This is a screen still from Chernobyl. A tape recorder, a bloodied handkerchief, and an empty glass sit on a table in the center of the frame.

From the outside, a Soviet-produced war film Come and See would seem like a completely unrelated experience to an American-produced disaster miniseries. However, examining the opening reveals some unique similarities. Taking place in 1943 Belorussia, Come and See opens with an old man yelling off in the distance at two boys who are digging in a desolate field.  Director Elem Klimov films the Old Man in an awkward close-up of the back of his head as he’s yelling off into the distance with the boys nowhere to be seen. A cut to a wide shot reveals not only a riding crop in the Old Man’s hands but a change in his words. Mixed in with his outbursts about them being brats, the Old Man alludes to an unseen malevolent force by saying they can’t hide from “them” now. Klimov then cuts to reveal the youngest of the boys as he walks toward the camera looking straight at it, face covered in soot, pretending to be a snarling German soldier. The kid might be playing pretend but his intensity and the way KIimov films make him terrifying. Even a reverse shot of the older kid, Flyora (Aleksey Kravchenko), laughing at him fails to ease the tension. The scene continues with awkward close-ups of the boys as they dig for a gun amidst the scraps of army equipment and hide from unseen vehicles. Unlike Chernobyl, the scene contains no suicide or any violence of any kind, but the result is one of the most uncomfortable openings in film history. 

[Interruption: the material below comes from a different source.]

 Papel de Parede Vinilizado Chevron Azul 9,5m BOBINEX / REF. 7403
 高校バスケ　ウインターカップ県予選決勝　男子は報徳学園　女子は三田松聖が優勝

Watching both of these openings, the one thought you have in common is that something horrible is yet to come. The feeling that keeps creeping in is dread. The dictionary defines “dread’ as “to anticipate with great apprehension or fear” and Come and See and Chernobyl use dread like a careful surgical tool. The opening scenes of both present an ominous tone and mood to the audience without depicting either the disaster or the war. The viewer doesn’t need to know much about the Russian front of WWII or the specifics of the nuclear disaster to be terrified of what comes next. Just pieces of its aftermath are enough to not only create this mood but also hook the viewer. Indeed a big part of both pieces is that no matter how dark these feelings are, you only want to see more. No moment ever feels comfortable. Yet, by showing only little bits of awfulness, the audience presented with a pervasive desire. You have to know what it’s building to even if you know that thing must be truly upsetting. 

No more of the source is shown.